Introducing sp_BlitzQueryStore

Last Updated 6 years ago

Execution Plans, First Responder Kit, Query Store (QDS), sp_BlitzQueryStore

Oh, so you’re the one

While SQL Server 2016 adoption is still pretty low, and 2017 still quite isn’t out yet, that’s no reason to not invest a few days of dev time into a stored procedure that is only usable by the smallest portion of SQL Server users. Right?

Look, someone around here has to be future-proofing things.

With that in mind

I set out to write a stored procedure that does for Query Store (BOL) what sp_BlitzCache does for the plan cache, but with a new approach. sp_BlitzCache is glorious, don’t get me wrong! You ask it a question by giving it a sort order, and it gives you all the stuff in your plan cache ordered by that metric.

But, the plan cache is a fickle flower. Prone to clearing for various reasons, and often riddled with inconsequential items.
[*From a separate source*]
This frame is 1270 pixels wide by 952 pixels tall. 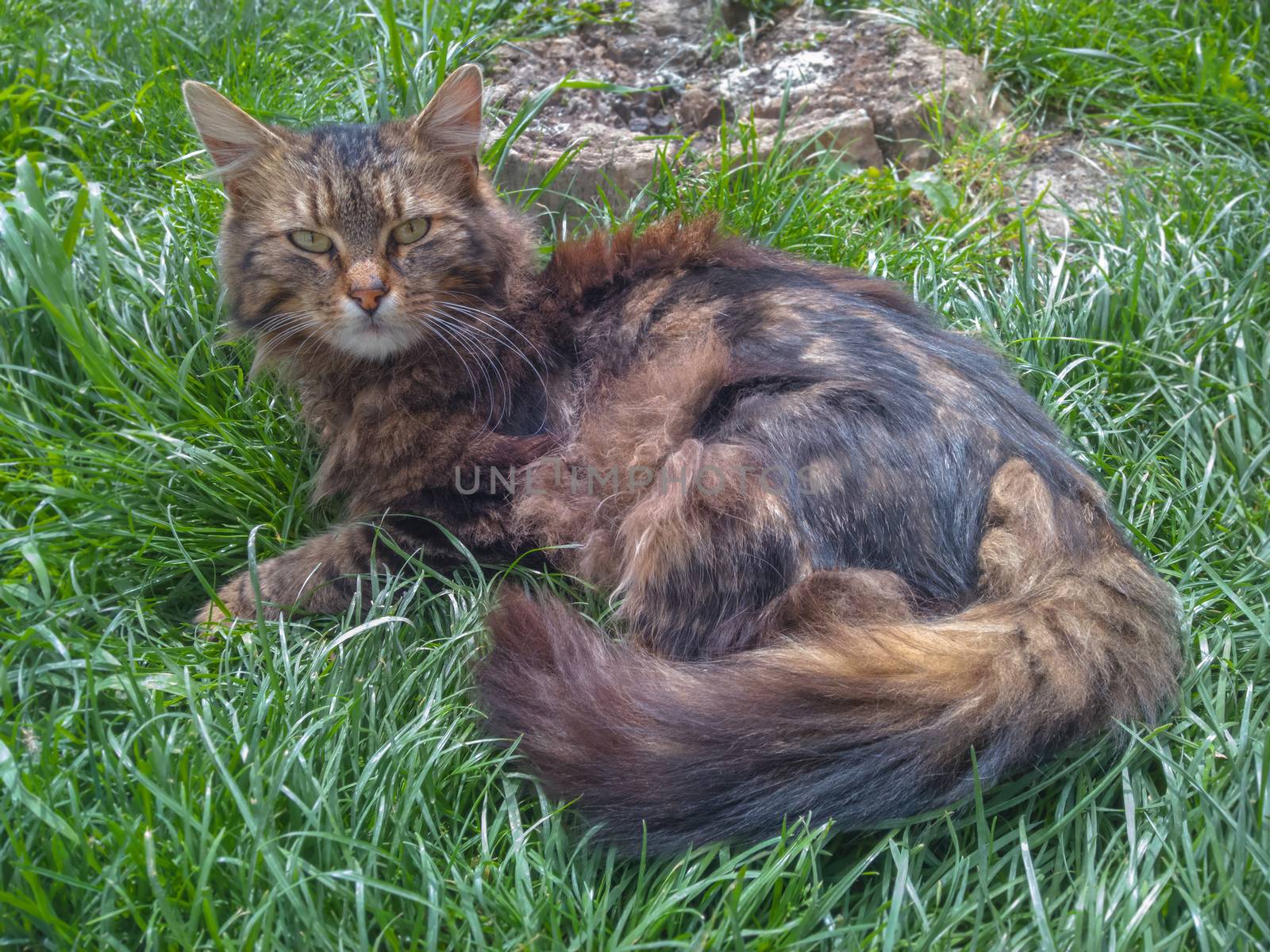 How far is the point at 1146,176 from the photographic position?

I’m not saying Query Store isn’t also riddled with inconsequential items, but we can hopefully just do a bit more to avoid them.

I also didn’t want to reinvent the wheel – after all, there’s a GUI for Query Store. It has built in reports. I don’t wanna rewrite someone else’s query and dump it into a table and blah blah blah. That’s not fun for me, and it’s not helpful to you.
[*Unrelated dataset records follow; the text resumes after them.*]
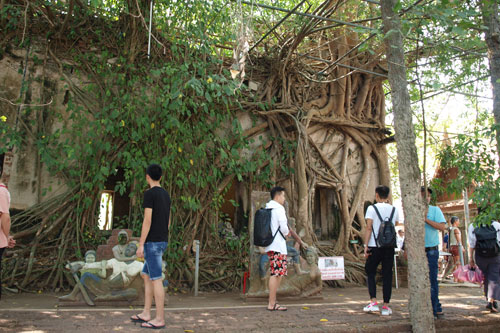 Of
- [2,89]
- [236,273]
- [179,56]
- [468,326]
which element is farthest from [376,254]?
[2,89]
What we look for when we examine slow servers

When we come in to look at a SQL Server that’s in trouble, we wanna know what was going on when things were bad.

When you run sp_BlitzQueryStore, it basically:

Looks at your workloads over the last 7 days (that’s configurable)
Finds the highest resource consuming periods of time
Finds the top 3 queries that used the most of that resource in that time (the top is configurable)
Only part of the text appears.